Your objective:
The entries that follow must be written out exactly, without any of the pictures they contain.

Dataset excerpts:
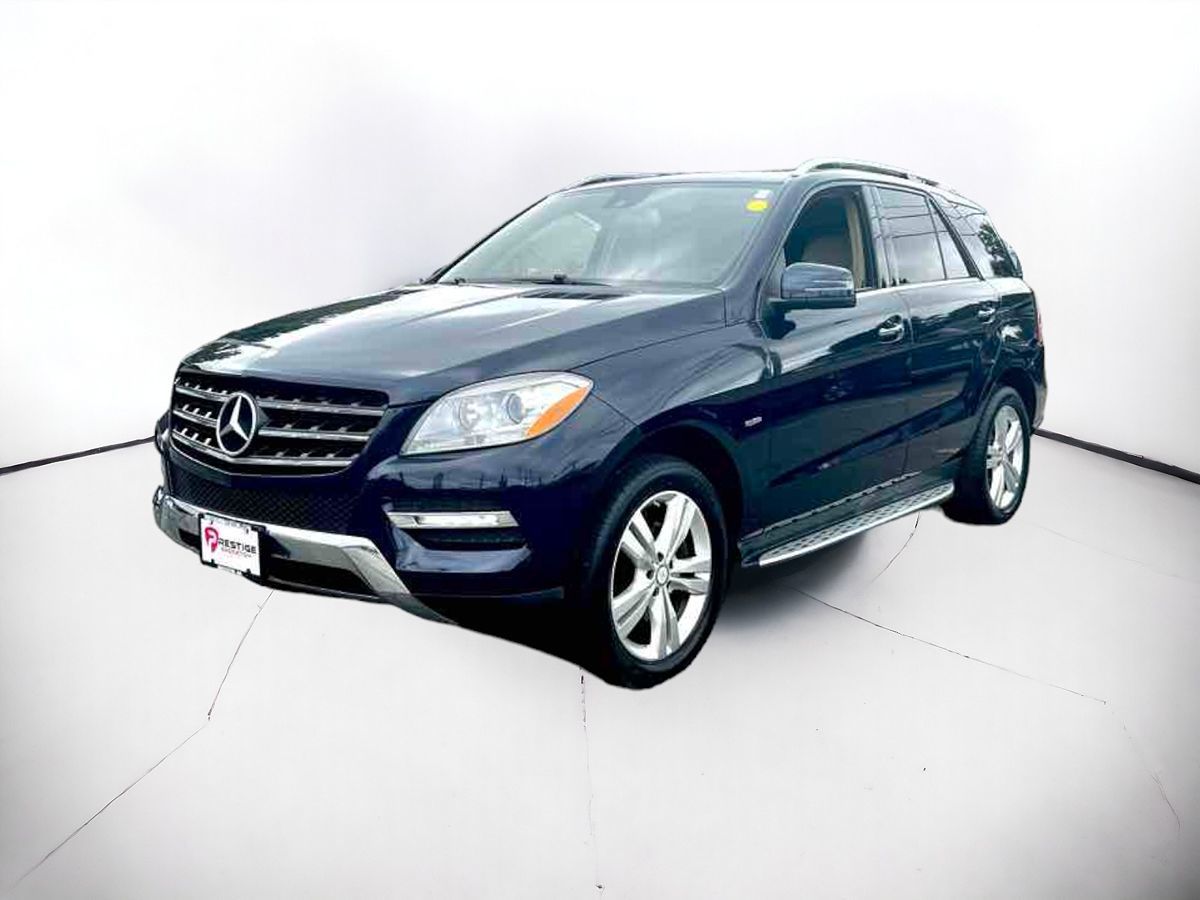 2012 Mercedes-Benz ML 350 SUV 2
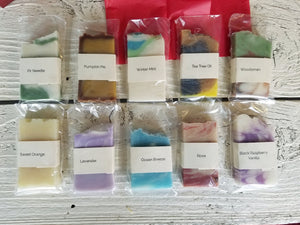 Mini soaps Christmas gifts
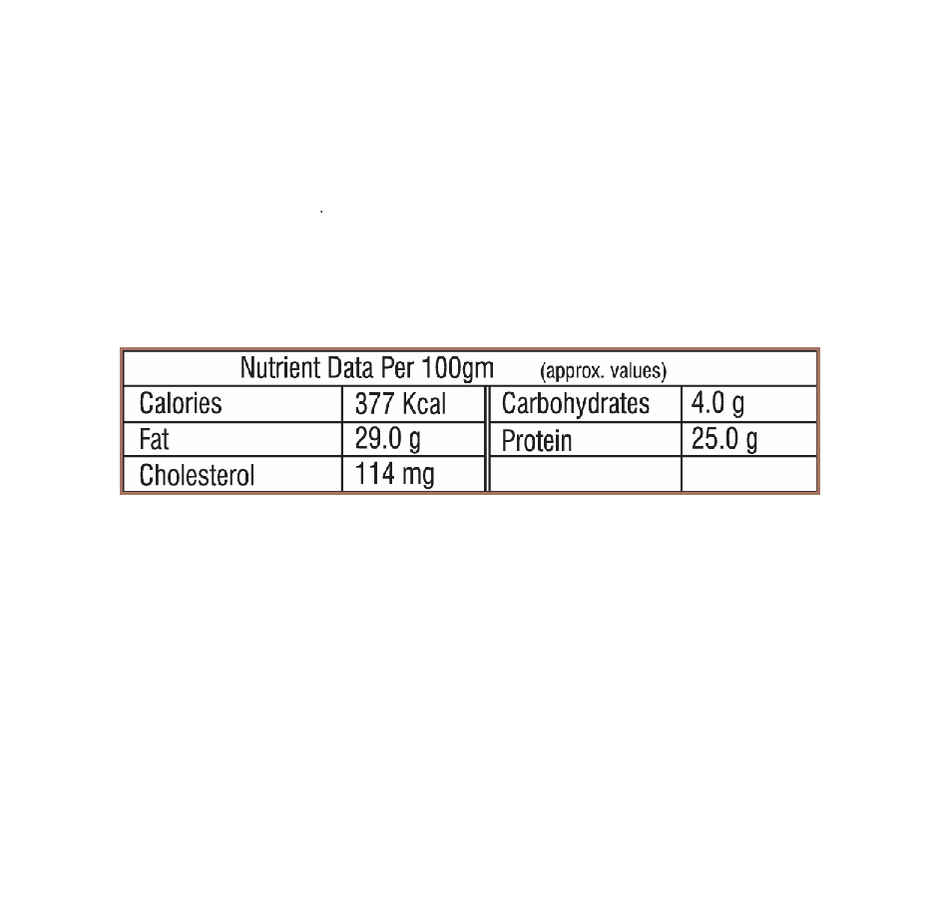 Nutoras Pepper Gouda Cheese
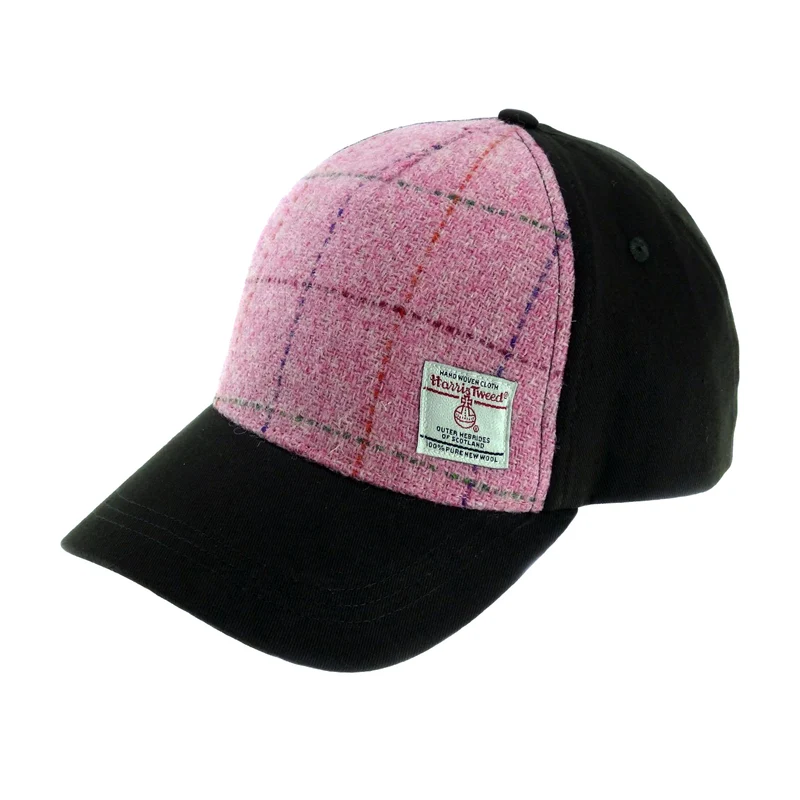 Unisex Harris Tweed® Tartan Baseball Cap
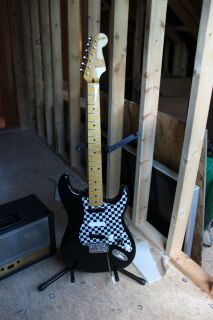 Fender Stratocaster Black with Custom Shop Maple Neck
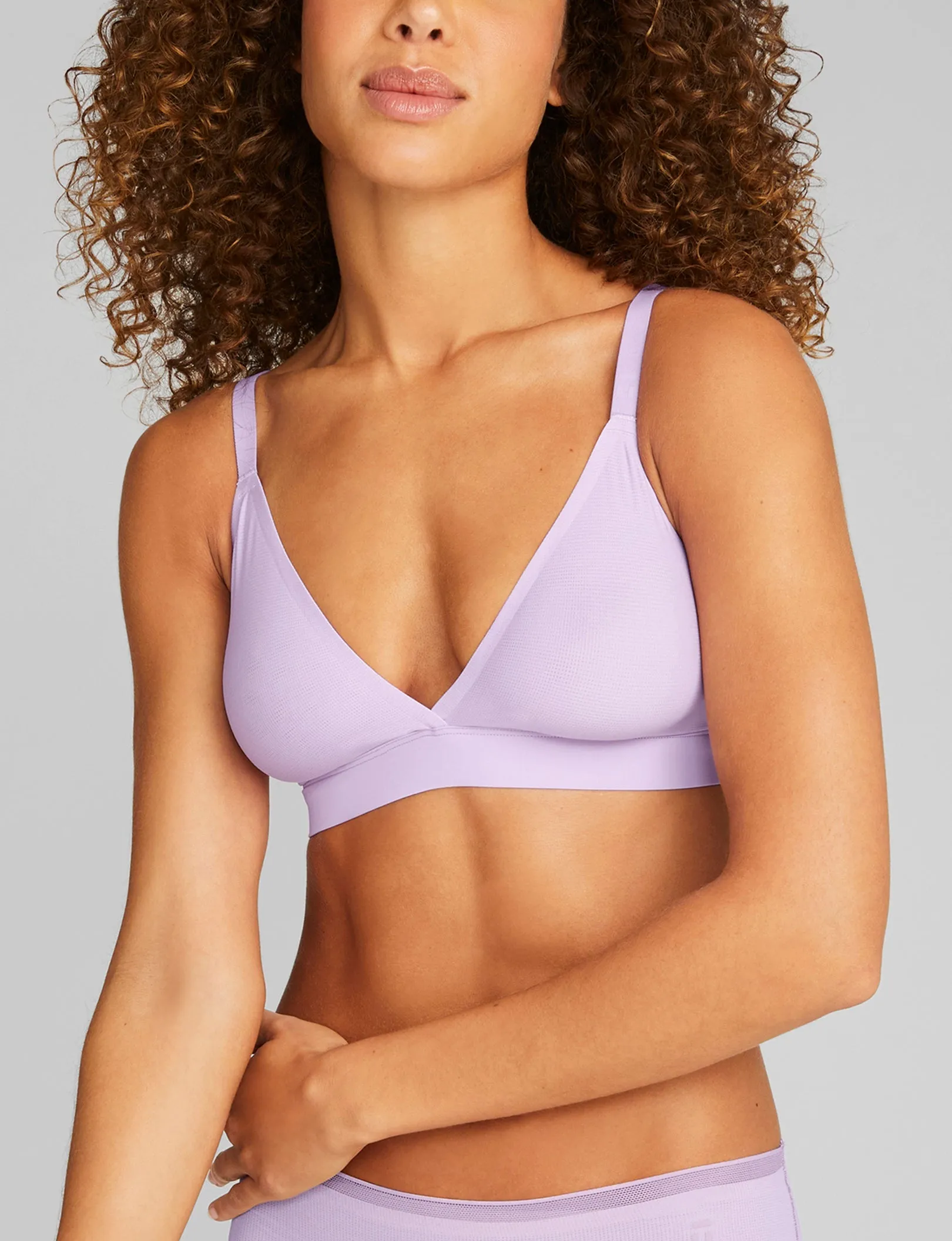 Women's Air Triangle Bralette & Bikini Set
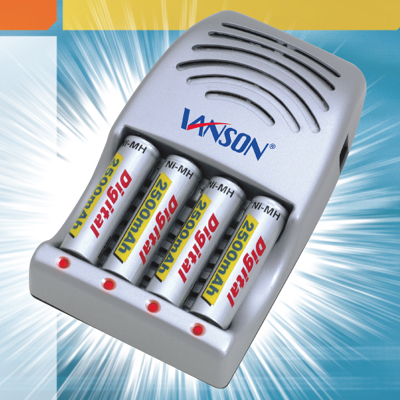 15 Minutes Ni-MH Charger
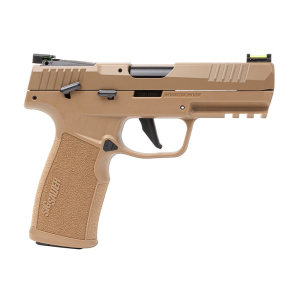 SIG Sauer P322, .22lr, 4 Barrel, 3- 20 Round Magazines, Tacpac, Coyote, Pistol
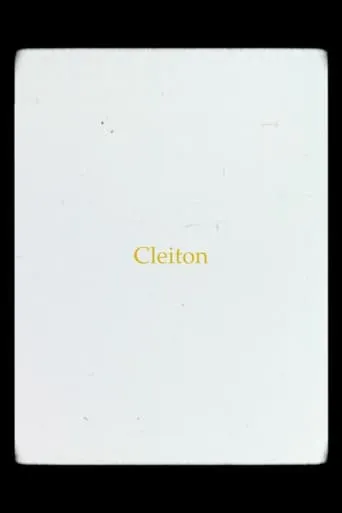 Cleiton movie poster - Entertainment content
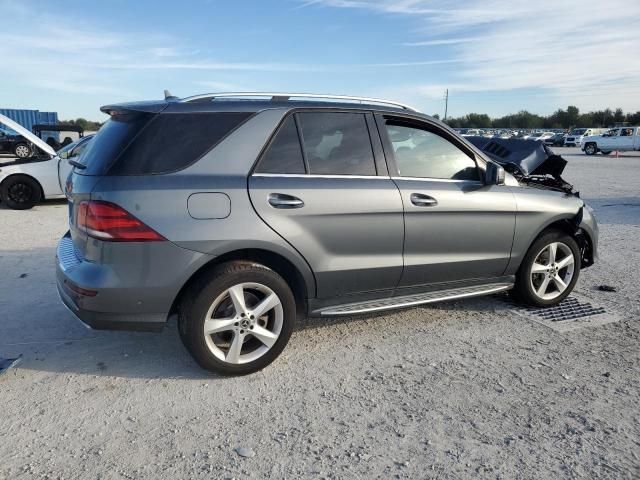 2018 Mercedes-Benz GLE 350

Task result:
 2012 Mercedes-Benz ML 350 SUV 2
 Mini soaps Christmas gifts
 Nutoras Pepper Gouda Cheese
 Unisex Harris Tweed® Tartan Baseball Cap
 Fender Stratocaster Black with Custom Shop Maple Neck
 Women's Air Triangle Bralette & Bikini Set
 15 Minutes Ni-MH Charger
 SIG Sauer P322, .22lr, 4 Barrel, 3- 20 Round Magazines, Tacpac, Coyote, Pistol
 Cleiton movie poster - Entertainment content
 2018 Mercedes-Benz GLE 350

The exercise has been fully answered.